As an innovative organization, you have a market differentiator built into your products and solutions. If you don’t, chances are you are unwittingly differentiating yourself by price, that is, you have few or no unique product features and you have to discount to get sales.

So how do you keep up with the pace of the market or, better still, gain an advantage over your competition to put the pressure on them?

Focus on your customers to determine what they will need and want next. But how do you know what they need and want next?

Your workforce probably knows what customers want and need because they interact directly with them daily. Customers share their frustrations about the current version and its limitations and shortfalls versus the competition with your employees.

How do you tap into that knowledge and turn the frustrations of your frontline staff into your next competitive advantage to drive business innovation?

Include your best frontline staff as customer champions in the development of the next iteration of your product or service. Their insights may help you skip a couple of product iterations to leap ahead of the competition.

By employing agile design techniques and design thinking methodologies, you can test a Minimum Viable Product (MVP) on a sample of existing customers to gauge their reaction. You will get unfiltered feedback on what works and what doesn’t, and by adopting an MVP approach, you can keep the development time and costs down.

The MVP is meant to generate a reaction from a user or consumer; it isn’t a fully working version but is indicative of what the new solution could do. If your MVP achieves what the customer needs and gets you ahead of the competition, why do you need to spend more time and money developing it further? Go with it as it is, provided it meets the required safety standards and successfully represents the company image and reputation you want to portray.

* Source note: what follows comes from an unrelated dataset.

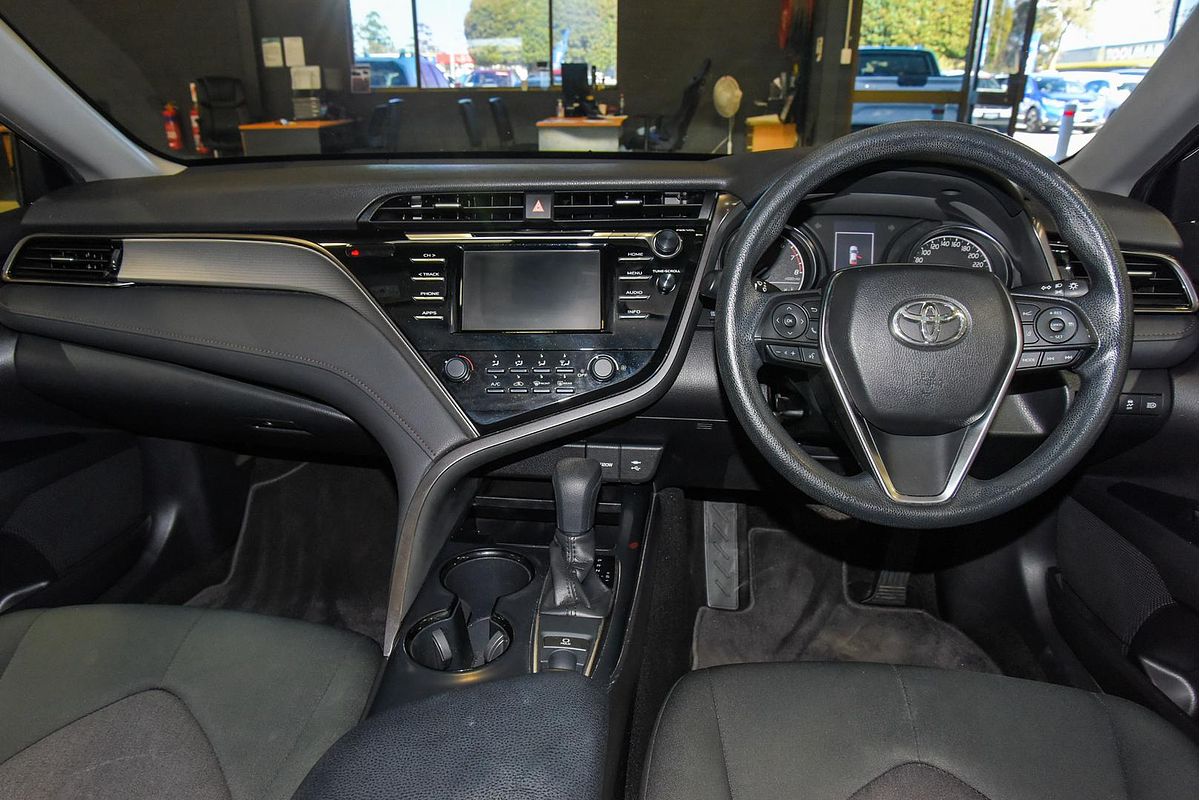 2019 Toyota Camry Ascent ASV70R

If your MVP doesn’t generate the reaction you wanted, you will gain valuable feedback and not have invested time, effort, and money into a solution your customers don’t want.

Either outcome is valuable if you want to be an innovative solution provider that gives your customers what they want. By viewing these activities through an innovation lens, the old succeed-or-fail thinking doesn’t apply because you gain a valuable insight, whatever the result.

By moving quickly, you will have the advantage of shorter time to market and take the competition by surprise or save yourself from the high cost of wasted development funds, a lackluster product launch, poor sales, and the accompanying reputational damage.

The knowledge you require is already within your organization—reach out to your employees, gather their input, and apply the relevant information that results. Combining this with the methods mentioned above will help you drive business innovation toward the outcomes you need.

People used to say, “Knowledge is power.” In today’s fast-moving business environment, knowing something isn’t enough; you must do something with that knowledge. We believe the new version of that saying is, “The application of knowledge is powerful.”

So, ask yourself, “How can I apply the knowledge within my organization to be a more powerful and innovative force within my industry?”